In a Radio Live interview Harawira declared oil drilling to be a “Treaty related issue.” The Treaty of Waitangi established the basis for the cession of New Zealand to British imperialism. Signed in 1840 by naval captain William Hobson on behalf of the British Crown, and the major chiefs, it purported to give the Maori people the rights of British subjects. It was a legal fiction, clearing the way for a brutal process of military conquest and colonial subjugation, and the dispossession of the indigenous inhabitants.
With the establishment of capitalism, Maori became embedded as the most exploited section of the working class.

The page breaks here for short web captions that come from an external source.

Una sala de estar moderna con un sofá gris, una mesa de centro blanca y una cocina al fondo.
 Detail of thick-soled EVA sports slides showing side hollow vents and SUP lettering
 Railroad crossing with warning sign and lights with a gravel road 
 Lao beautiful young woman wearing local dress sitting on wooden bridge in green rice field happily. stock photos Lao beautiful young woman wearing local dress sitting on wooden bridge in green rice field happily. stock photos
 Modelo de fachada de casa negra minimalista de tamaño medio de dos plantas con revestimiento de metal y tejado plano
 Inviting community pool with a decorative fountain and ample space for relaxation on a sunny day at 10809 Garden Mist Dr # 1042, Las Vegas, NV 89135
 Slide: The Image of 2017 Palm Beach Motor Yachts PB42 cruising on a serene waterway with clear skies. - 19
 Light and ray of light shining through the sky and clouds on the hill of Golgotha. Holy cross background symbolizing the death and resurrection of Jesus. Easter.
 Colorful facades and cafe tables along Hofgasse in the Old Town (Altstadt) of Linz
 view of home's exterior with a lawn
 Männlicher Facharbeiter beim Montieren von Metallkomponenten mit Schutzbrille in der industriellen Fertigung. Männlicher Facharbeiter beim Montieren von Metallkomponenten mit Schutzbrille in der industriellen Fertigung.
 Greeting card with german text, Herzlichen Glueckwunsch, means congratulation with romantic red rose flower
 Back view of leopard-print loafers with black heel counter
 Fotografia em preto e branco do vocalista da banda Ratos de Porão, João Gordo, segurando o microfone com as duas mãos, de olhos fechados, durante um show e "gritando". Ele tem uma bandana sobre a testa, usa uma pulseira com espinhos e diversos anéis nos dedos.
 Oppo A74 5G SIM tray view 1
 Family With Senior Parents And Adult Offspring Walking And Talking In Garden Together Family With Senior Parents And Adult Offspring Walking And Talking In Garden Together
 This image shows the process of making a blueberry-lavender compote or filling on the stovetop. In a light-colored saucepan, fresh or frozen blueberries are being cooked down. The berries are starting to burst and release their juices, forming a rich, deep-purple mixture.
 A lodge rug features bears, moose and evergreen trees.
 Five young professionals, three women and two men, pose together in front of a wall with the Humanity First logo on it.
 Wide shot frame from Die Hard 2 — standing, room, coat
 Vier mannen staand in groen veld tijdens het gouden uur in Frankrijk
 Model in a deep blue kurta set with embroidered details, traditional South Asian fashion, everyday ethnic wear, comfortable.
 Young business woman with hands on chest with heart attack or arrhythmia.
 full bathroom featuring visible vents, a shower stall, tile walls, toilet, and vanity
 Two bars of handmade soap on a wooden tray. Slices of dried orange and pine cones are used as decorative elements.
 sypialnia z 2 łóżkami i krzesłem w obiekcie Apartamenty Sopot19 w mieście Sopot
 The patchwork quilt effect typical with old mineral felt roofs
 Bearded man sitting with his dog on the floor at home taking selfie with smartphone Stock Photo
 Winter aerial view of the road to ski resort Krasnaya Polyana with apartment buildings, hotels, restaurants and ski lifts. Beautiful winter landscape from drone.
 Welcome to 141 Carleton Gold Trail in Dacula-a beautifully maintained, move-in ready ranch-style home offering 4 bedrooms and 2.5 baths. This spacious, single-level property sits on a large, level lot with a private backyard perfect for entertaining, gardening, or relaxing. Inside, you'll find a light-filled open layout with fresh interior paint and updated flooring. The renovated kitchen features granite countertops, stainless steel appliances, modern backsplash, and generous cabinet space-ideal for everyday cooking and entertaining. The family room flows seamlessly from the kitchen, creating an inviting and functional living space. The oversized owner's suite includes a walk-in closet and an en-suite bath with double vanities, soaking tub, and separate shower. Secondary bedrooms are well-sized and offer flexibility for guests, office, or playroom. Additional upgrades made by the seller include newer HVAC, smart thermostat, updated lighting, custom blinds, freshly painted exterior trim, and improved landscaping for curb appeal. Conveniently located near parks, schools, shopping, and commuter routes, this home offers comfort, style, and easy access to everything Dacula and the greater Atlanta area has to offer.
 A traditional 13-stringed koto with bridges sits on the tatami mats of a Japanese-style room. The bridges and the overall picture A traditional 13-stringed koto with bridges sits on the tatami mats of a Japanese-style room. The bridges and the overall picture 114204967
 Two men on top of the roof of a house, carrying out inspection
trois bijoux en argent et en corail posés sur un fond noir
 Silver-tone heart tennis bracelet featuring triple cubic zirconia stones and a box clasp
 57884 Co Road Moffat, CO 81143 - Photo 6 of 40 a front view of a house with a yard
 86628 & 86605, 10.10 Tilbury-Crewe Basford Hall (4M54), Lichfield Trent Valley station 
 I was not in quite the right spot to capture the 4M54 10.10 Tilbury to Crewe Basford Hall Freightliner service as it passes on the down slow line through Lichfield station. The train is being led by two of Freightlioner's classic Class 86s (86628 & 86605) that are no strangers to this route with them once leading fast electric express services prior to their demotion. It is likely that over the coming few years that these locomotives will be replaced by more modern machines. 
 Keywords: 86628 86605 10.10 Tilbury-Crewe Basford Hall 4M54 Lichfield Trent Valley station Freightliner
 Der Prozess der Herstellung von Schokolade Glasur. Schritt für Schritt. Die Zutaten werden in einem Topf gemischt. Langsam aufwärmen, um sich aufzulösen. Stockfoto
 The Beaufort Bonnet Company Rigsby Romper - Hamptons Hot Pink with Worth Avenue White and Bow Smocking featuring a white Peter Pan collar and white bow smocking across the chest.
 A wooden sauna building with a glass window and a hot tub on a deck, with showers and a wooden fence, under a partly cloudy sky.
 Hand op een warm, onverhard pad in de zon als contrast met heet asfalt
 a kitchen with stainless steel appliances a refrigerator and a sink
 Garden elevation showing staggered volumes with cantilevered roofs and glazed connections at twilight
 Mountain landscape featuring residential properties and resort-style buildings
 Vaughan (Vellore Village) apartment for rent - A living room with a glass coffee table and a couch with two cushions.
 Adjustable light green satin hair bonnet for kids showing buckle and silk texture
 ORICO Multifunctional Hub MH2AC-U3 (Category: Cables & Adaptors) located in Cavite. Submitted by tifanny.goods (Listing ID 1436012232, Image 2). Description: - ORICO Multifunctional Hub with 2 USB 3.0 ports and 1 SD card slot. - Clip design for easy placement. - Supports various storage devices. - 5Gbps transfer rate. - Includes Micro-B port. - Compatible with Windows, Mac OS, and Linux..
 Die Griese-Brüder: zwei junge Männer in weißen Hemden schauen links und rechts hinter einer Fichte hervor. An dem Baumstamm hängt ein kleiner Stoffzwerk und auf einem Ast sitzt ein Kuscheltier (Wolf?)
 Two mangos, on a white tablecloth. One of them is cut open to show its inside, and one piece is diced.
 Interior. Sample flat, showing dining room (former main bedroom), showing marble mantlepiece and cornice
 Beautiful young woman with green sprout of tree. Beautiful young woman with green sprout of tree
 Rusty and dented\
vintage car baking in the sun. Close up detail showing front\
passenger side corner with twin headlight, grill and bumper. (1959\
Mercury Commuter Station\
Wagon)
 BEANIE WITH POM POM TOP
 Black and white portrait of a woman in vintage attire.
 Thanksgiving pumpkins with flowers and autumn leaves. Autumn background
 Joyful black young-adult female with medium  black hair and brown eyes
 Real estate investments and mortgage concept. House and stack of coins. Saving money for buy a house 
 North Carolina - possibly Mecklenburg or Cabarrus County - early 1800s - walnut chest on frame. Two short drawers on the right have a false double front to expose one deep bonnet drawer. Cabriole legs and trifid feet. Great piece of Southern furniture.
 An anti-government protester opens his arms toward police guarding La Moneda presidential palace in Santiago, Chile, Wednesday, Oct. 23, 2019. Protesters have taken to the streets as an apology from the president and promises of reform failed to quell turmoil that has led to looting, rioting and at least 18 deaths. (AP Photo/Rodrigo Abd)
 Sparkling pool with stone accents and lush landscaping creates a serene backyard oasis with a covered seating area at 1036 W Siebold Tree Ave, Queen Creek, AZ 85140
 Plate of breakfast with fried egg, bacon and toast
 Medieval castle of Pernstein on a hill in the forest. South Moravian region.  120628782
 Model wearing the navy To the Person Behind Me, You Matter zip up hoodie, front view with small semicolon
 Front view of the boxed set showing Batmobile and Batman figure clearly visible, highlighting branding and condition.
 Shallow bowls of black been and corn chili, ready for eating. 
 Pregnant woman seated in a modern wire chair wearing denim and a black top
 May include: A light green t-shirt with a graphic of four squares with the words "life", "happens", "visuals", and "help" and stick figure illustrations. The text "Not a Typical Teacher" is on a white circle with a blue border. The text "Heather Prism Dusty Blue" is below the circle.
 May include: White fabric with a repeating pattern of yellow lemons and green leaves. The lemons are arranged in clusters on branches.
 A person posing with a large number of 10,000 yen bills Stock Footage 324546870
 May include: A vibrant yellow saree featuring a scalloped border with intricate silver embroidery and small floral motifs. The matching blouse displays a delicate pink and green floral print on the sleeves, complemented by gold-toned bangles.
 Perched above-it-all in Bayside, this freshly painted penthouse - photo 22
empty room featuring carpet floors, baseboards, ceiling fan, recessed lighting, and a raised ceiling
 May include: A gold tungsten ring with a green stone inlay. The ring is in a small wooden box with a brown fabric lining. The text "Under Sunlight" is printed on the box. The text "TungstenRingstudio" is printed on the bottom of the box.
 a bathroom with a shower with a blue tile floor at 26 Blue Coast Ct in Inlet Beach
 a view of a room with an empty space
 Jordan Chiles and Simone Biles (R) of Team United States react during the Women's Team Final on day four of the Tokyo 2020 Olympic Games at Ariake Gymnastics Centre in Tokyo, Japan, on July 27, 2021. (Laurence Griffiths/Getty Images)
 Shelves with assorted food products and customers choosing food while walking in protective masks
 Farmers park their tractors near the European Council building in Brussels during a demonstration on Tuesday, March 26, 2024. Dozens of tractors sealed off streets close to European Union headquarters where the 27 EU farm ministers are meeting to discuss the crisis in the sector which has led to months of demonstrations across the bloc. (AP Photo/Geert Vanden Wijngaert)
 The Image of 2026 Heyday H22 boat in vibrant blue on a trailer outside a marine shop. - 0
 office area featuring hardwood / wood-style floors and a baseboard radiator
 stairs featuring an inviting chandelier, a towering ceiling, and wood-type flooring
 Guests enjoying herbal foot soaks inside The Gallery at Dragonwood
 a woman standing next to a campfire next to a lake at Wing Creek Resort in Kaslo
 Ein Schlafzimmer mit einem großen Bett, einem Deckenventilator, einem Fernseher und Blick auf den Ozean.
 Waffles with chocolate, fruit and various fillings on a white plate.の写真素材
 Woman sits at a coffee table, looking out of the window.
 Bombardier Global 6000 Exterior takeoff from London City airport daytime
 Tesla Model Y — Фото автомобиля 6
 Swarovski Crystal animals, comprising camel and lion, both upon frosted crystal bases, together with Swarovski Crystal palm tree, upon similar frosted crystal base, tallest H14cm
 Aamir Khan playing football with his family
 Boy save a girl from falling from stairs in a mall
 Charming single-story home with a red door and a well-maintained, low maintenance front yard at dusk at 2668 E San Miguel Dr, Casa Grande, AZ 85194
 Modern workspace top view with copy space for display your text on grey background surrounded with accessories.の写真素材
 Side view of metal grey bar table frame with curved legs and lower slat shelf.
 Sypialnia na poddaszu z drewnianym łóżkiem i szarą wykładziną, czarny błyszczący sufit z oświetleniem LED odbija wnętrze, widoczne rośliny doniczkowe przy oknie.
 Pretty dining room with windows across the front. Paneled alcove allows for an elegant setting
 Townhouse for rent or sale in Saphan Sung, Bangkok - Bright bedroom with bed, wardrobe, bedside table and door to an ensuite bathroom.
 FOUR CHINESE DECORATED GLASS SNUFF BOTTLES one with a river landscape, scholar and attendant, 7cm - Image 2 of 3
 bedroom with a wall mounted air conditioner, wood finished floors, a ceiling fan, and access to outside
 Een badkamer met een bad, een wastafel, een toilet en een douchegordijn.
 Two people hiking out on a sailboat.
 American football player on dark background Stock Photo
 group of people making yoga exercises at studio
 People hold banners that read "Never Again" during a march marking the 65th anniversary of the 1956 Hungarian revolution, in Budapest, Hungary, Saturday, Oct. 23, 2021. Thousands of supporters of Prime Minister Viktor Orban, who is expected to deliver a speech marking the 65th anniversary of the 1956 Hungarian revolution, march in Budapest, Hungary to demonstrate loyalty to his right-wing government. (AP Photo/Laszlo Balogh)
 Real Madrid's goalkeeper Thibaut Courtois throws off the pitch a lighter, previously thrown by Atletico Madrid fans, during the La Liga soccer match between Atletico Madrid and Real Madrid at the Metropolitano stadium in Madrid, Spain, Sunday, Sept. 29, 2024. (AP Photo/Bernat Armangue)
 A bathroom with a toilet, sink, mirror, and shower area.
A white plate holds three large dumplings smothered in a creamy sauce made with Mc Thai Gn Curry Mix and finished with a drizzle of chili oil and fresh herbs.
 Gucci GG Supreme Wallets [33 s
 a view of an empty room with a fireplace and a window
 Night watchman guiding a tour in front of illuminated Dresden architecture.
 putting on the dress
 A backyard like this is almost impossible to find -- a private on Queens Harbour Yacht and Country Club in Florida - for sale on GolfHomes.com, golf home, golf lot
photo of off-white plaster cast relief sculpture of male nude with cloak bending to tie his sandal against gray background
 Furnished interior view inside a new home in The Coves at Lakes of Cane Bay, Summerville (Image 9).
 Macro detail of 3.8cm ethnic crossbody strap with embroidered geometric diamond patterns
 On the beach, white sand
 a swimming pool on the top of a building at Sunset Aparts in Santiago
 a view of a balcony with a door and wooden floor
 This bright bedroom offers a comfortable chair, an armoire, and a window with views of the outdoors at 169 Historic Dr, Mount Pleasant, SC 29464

For most of the treaty’s existence the document was left to rot, and dismissed by Maori as a “fraud.” However, in the 1980s, the Lange Labour government began promoting it as the country’s “founding document.” Just as Labour launched a pro-market onslaught on jobs and living standards, it paid out millions of dollars in order to create a privileged layer tasked with tying oppressed Maori to the profit system.
The Maori nationalists claim that the treaty gives Maori the right to self-determination—the right to conduct their “own” affairs within the framework of capitalism. This is a right-wing, nationalist agenda, designed to divide the working class along racial lines while boosting the prospects of Maori businesses.
The alignment of Mana, the Greens and the pseudo left groups—Socialist Aotearoa, Fightback and the International Socialist Organisation—has a definite purpose. Under conditions of a deepening assault on the social position of the working class, the promotion of Maori nationalism is another dead-end for the Maori and entire working class, designed to block the establishment of a genuinely independent and unified movement of workers based on a socialist perspective.